Have We Missed the Moment?

Matt Rothschild has it right: “The mood in Wisconsin is dejected.”

It was just a few months ago that the whole country had its eyes on the democracy uprising in Madison. We even witnessed gestures of solidarity from Cairo. What happened? Again, Rothschild knows what he’s talking about:

It seems to me that the state AFL never had a mass strategy, was surprised by the mass uprising, and was even a little afraid of it. The leadership never called for boycotts, never called for a general strike or any workplace actions whatsoever, never called for civil disobedience.

In an era of global austerity in which working people are being forced to pay for the bankster-induced crisis, unions in other countries are actually exercising the potent muscle of their massive memberships.

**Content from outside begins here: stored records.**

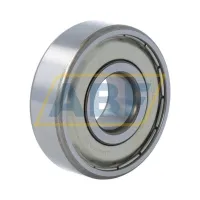 Подшипник шариковый радиальный однорядный 6302ZZ CM NSK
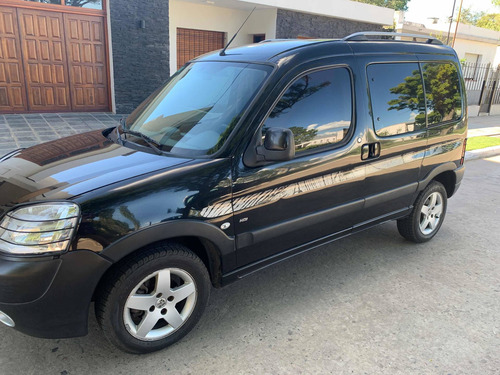 Peugeot Partner Patagónica 1.6 Hdi Vtc Plus 2013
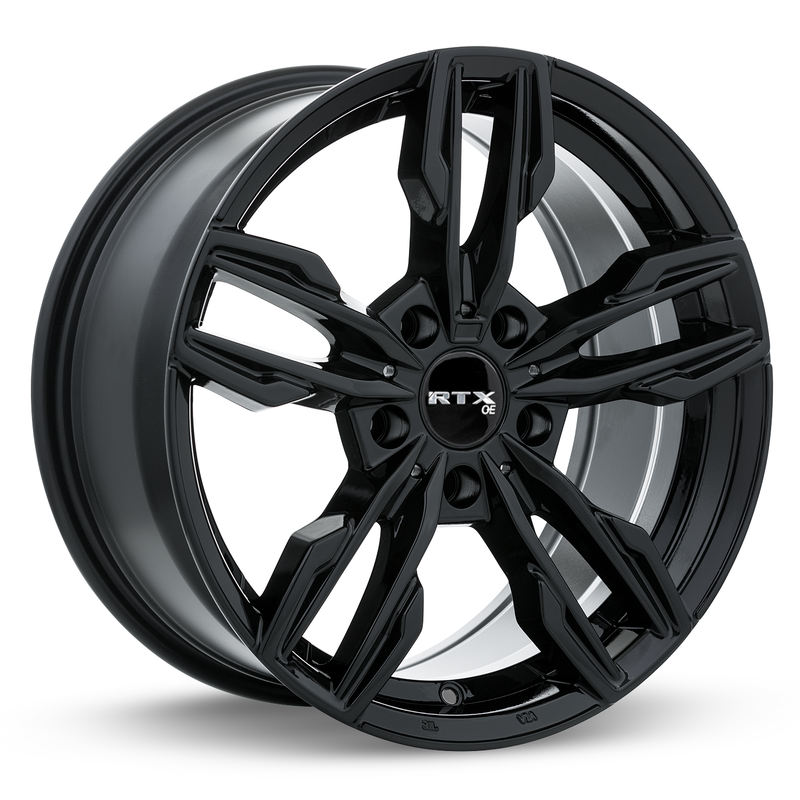 RTX Stade Gloss Black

Just this week, labor in the Greek public and private sectors have combined forces in calling for a general strike in opposition to the EU structural adjustment policy. In Britain, 750,000 teachers and other public workers are planning on not showing up to work in response to pension and other cuts from the Tory government. In Spain, thousands of ‘indignados’ have camped out in Madrid to protest unemployment and attacks on the welfare state.

In Wisconsin, the massive mobilization in February and March has either retreated into our homes or been transformed into – wait for it – recalls of six Republican state senators. In a global context, this is somewhat of an underwhelming response to union-busting and such hard blows against the public sector. Still, it wouldn’t be so disheartening if the opposition party actually presented us with a robust alternative.

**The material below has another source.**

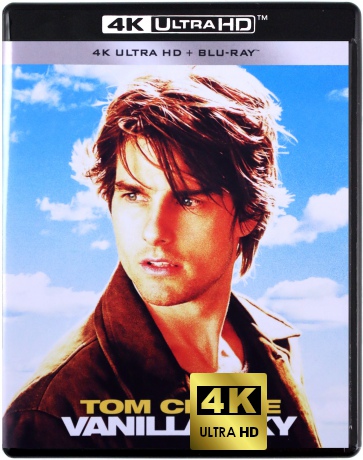 Vanilla Sky [Blu-Ray 4K]+[Blu-Ray]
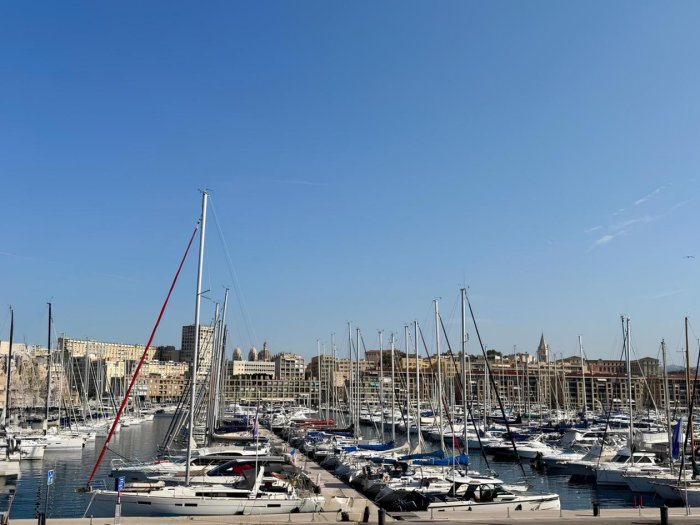 appartement — Marseille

But here’s the thing: It doesn’t. For all of Walker’s extremism, the rarely uttered fact remains: The Republican agenda is simply a more radical version of neoliberal policy that has been embraced by both major parties on both the state and national level over the last few decades. Let’s not forget that it was Tom Barrett who promised to put Wisconsin ‘on a diet’ and Jim Doyle who passed a budget – with Democratic majorities in both legislative chambers – which had a devastating impact on human services and public education. And for all of the loud noise surrounding Walker’s cuts to higher education and UW privatization scheme, it was the Doyle years that witnessed hundreds of millions of dollars in a loss of state aid and nearly a doubling of tuition.

In Democratic Massachussetts, public workers have lost the right to collectively bargain over healthcare. In New Jersey, Chris Christie managed to pass legislation eliminating COLA’s (Cost of Living Adjustments) for public employees with a Democratic-controlled legislature. On the national level, Obama’s main pro-worker achievement is passing Bob Dole’s old healthcare plan. EFCA never had a chance – even with supermajorities in both houses of Congress. I think AFL-CIO head Richard Trumpka was being generous to the Democrats when he said the following:

“For too long, we have been left after Election Day holding a canceled check waving it about — ‘Remember us? Remember us? Remember us?’ — asking someone to pay a little attention to us. Well, I don’t know about you, but I’ve had a snootful of that s–t.”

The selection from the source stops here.